“More Inclusive Events for Technical Writers"
by Angelina Sakkestad
Every Writing Arts student is required to pass through the Introduction to Writing Arts course. Accordingly, I found myself sitting in one of these classes this fall. It’s a module-style class with sixty students and three professors essentially exploring the past, present, and future of writing. In an effort to have students dip their toe in Writing Arts events, the Rowan Writer’s Project is also assigned. These sixty students must attend a writerly-event and write about their experience before the end of the semester. As our professors introduced this project, a hand goes up in these of stoic faces. “Are there any events that aren’t creative writing?“ a student simply asked. The professors thought but couldn’t produce an option.
The Writing Arts major allows a student to concentrate in three areas: creative writing, technical and professional writing, and new media. It seems that most of the events put on by the department are creative writing centered. This isn’t a disastrous problem because creative writing is incredibly popular and has numerous ways to be expressed. The problem wasn’t the surplus of creative events, but the lack of events focused on technical and professional writing and writing with new media.
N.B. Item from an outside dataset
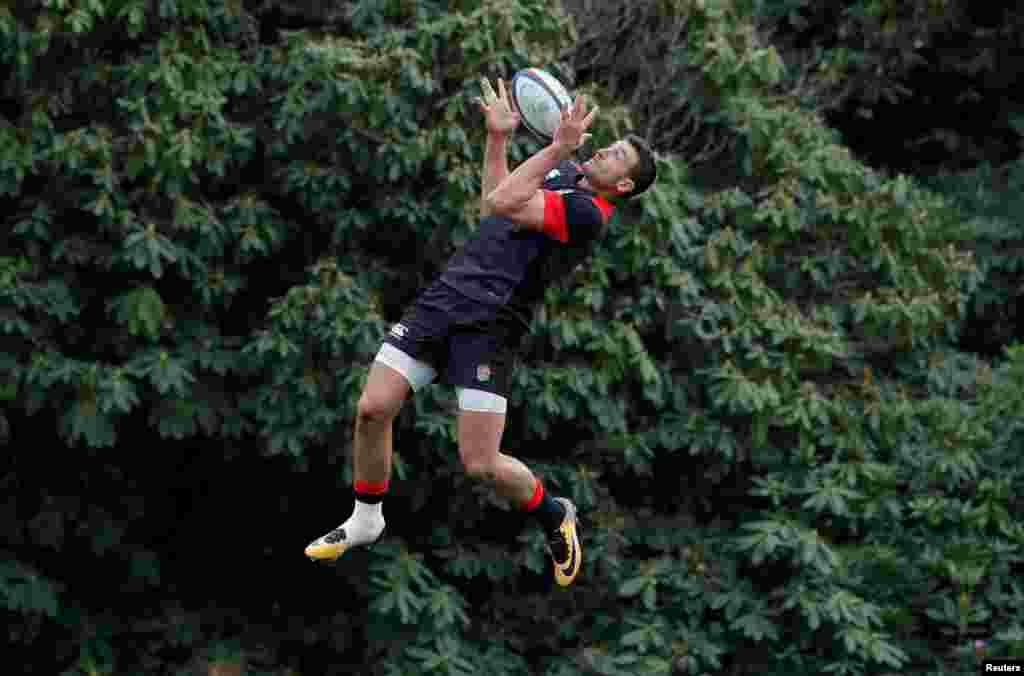 England's Jonny May during a training session in Pennyhill Park in London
This issue stewed in my mind as I attended classes and weekly internship meetings with the Writing Arts department. It was in one of our internship meetings that I spoke up and shared this event-issue with the other interns. The rest of that meeting was the six of us brainstorming ideas of new events for the Writing Arts department. Our list was small, but we started off with the Collingswood Book Festival, joining the Writing Arts Learning Community to listen to faculty and clubs, and attending Publishing Industry field trips. It was a start and I was ready to keep pushing forward. I reread that list a little while later and it didn’t feel so great anymore. I realized that most of these events were new media focused. I was still missing technical and professional writing. Feeling defeated, I wanted to just put this all to bed and forget about it.
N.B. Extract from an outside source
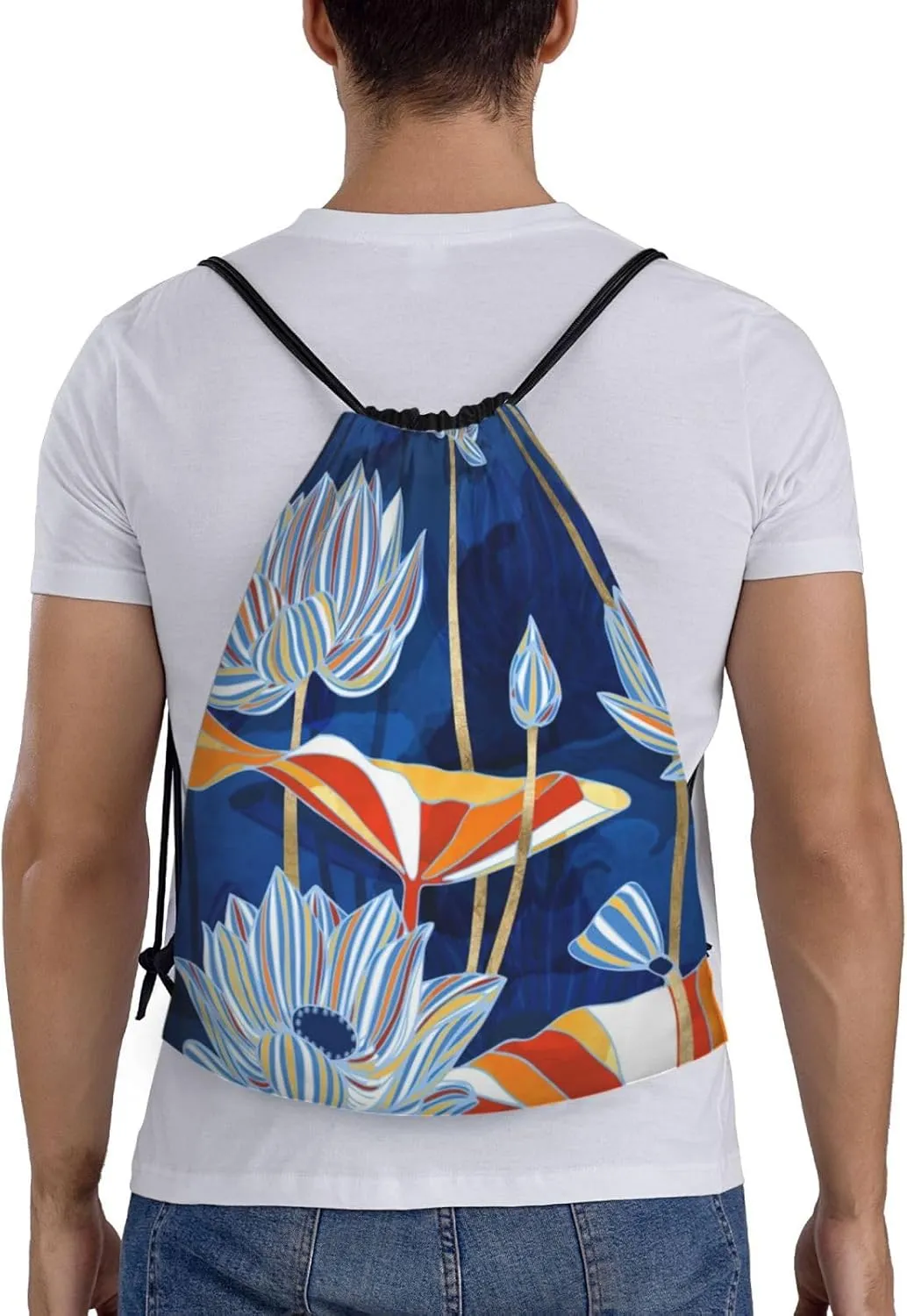 Botanical Floral Print Drawstring Gym Backpack Bag, Fitness Travel Beach Sport Storage For Men Women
Maybe I could pretend that I wasn’t bothered by it in the first place? It wouldn’t affect me, I had an abundance of creative writing events that I wanted to attend. The rest of my classmates and the other Writing Arts students could figure it out. Right?
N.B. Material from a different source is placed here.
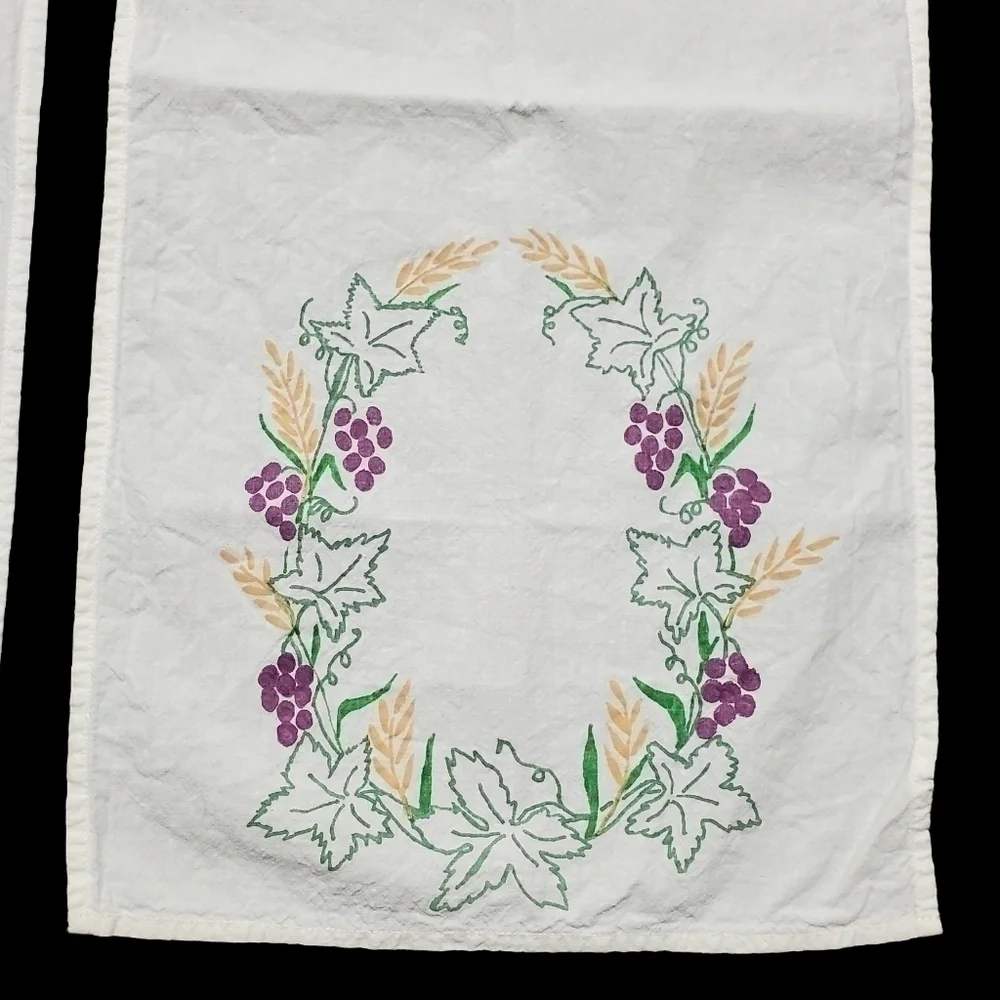Vintage Autumn Table Runner Set Of 2 Grape Acorn Foliage Screenprint Fall 44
I couldn’t forget, and I couldn’t pretend that I didn’t care. I wanted the students of each concentration to feel represented within the department. I spent a few more weeks fruitlessly trying to brainstorm. Then I remembered the Writing Arts Learning Community. There was a class that faculty came to talk at, to explain each concentration and show tangible examples of them. I remembered Dr. Fillenwarth who had come to discuss technical and professional writing. The inevitable was to set up a meeting with her and to hopefully leave with a plethora of events. We chatted about the events that were already on my list of possibilities, and events that she would like to see. I left with another two pages of my notebook filled with event ideas.
We wanted to set up a panel of faculty, so they could share their knowledge and experience. They could share what they were able to accomplish with a background in writing. We even discussed resume and LinkedIn workshops to prepare writers, and other students, for the professional world outside of university life along with faculty-run Photoshop and InDesign workshop that would benefit any student interested in publishing and design.
All these events meant I couldn’t put this to bed. The next step was one I was reluctant to take: send my story and compiled list the chair of the department, Dr. Jenn Courtney. Despite how many times I was told how nice she was, I had never met her or spoken with her before. She had no idea who I was. Would she even care about my email? Turns out, she did.
I don’t know what sort of response I was expecting, but Dr. Courtney surpassed all of them. A lot of these ideas were already in the making. WA faculty had been formulating ideas for resume workshops, and they’ve been wanting to provide something like a panel for students.
I spent most of this semester stressed about the lack of events when they were already being discussed. I’m excited to try and get these workshops and panels into creation. The Writing Arts Department is expanding and has no intention of slowing down any time soon. Next semester will be spent getting some of these events into action and I can’t wait to be a part of it.